Re: [PATCH] Try URI quoting for embedded TAB and LF in pathnames

From: Junio C Hamano <junkio@cox.net>
Date: 2005-10-11 17:37:57
Paul Eggert <eggert@CS.UCLA.EDU> writes:

> The convention I had been thinking of adding is to have GNU diff
> use shell-quoting style, e.g.,
>
> 'three
> o'\''clock'
>
> to represent a file name with a newline and an apostrophe in it.
> This sort of file name can be cut and pasted into the shell.
> The quoting could be used with any file name containing a
> troublesome character.
>
> Perhaps another quoting style would be better.

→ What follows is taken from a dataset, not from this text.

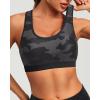 imageHolipick Womens Sports Bra Bikini Tops Racerback Swim Top Scoop Neck Bathing Suits Top Modest Padded Crop Tops Swimsuit OnlyCamo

A patch header (both "diff --git" line and ---/+++ lines) I've
been considering, and have in the proposed updates branch, looks
something like this:

    diff --git a/def\nghi/pqr b/dee/pqr
    similarity index 72%
    rename from def\nghi/pqr
    rename to dee/pqr
    index 9ee055c..243fbbc 100644
    --- a/def\nghi/pqr
    +++ b/dee/pqr
    @@ -1 +1,3 @@
     Fri Oct  7 23:19:04 PDT 2005
    +foo
    +foo

If we can keep things on one line, that would help parsing the
stuff very simple, but more importantly, it is easier to see
what's happening.  The pattern is the same whether you have
funny pathnames or not, and that helps the human consumer.

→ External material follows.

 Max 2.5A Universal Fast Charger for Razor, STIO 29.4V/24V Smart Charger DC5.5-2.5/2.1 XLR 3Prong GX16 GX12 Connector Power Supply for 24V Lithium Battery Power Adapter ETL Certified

Adjusting the "git diff" output to the style the GNU diff with
your shell quoting style would produce something like this:

    diff --git 'a/def
    ghi/pqr' b/dee/pqr
    similarity index 72%
    rename from 'def
    ghi/pqr'
    rename to dee/pqr
    index 9ee055c..243fbbc 100644
    --- 'a/def
    ghi/pqr'
    +++ b/dee/pqr
    @@ -1 +1,3 @@
     Fri Oct  7 23:19:04 PDT 2005
    +foo
    +foo

Which, while it is possible to make tools parse them, is very
distracting for humans to read and review.  Yes, LF is quoted,
but it still breaks the line, disrupting the pattern we are used
to see.  If you are talking about a funny file, whose name is
"a\ndiff --git a/b/c", your diff would look like this:

    diff --git 'a/
    diff --git a/b/c' 'b/
    diff --git a/b/c'
    index 9ee055c..243fbbc 100644
    --- 'a/
    diff --git a/b/c'
    +++ 'b/
    diff --git a/b/c'
    @@ -1 +1,3 @@
     Fri Oct  7 23:19:04 PDT 2005
    +foo
    +foo

We are used to tell the "less" command to do "/^diff --git .*"
while reviewing patches.  The shell quoting, while I admit I
learned its beauty from you, is a disaster for human consumption.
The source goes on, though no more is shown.